Problem details
Without copying any picture, return all lines below exactly.

Dataset extract

== Segment start ==

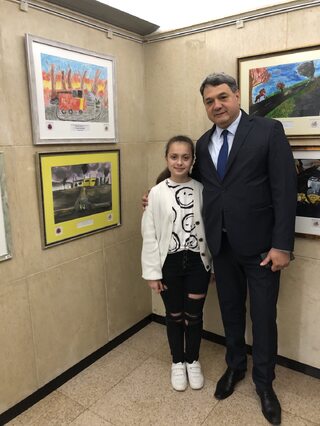 Рисунките на видинчанките Виктория и Паола участват в благотворителна изложба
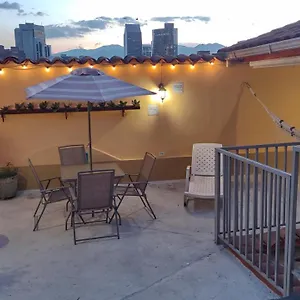 Colonial House Medellín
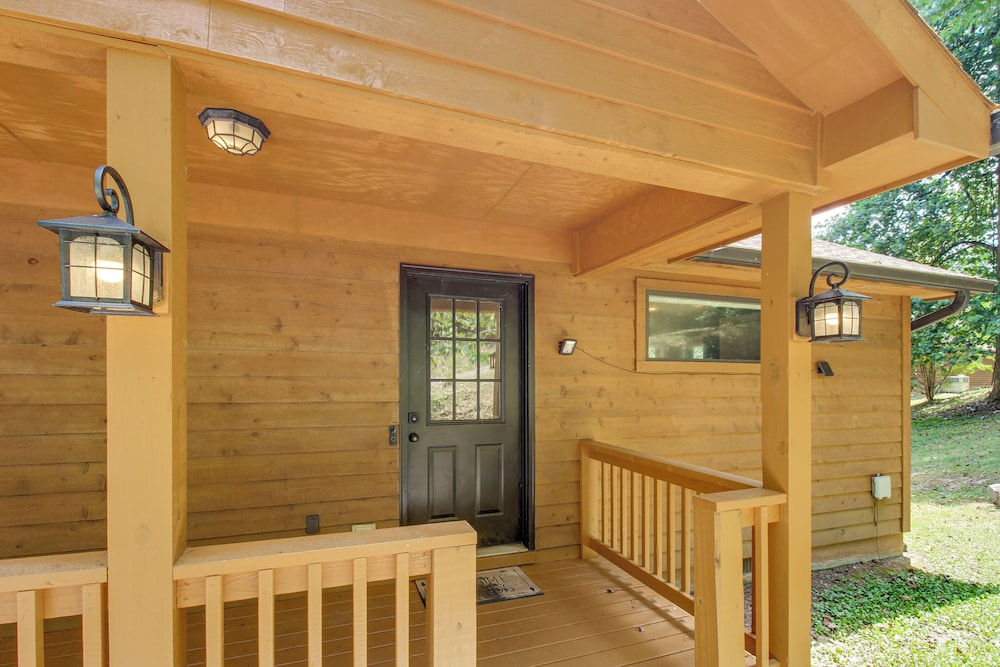 Dock & Hot Tub: Tennessee River Cabin Getaway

== Segment end ==

Reply to the task
 Рисунките на видинчанките Виктория и Паола участват в благотворителна изложба
 Colonial House Medellín
 Dock & Hot Tub: Tennessee River Cabin Getaway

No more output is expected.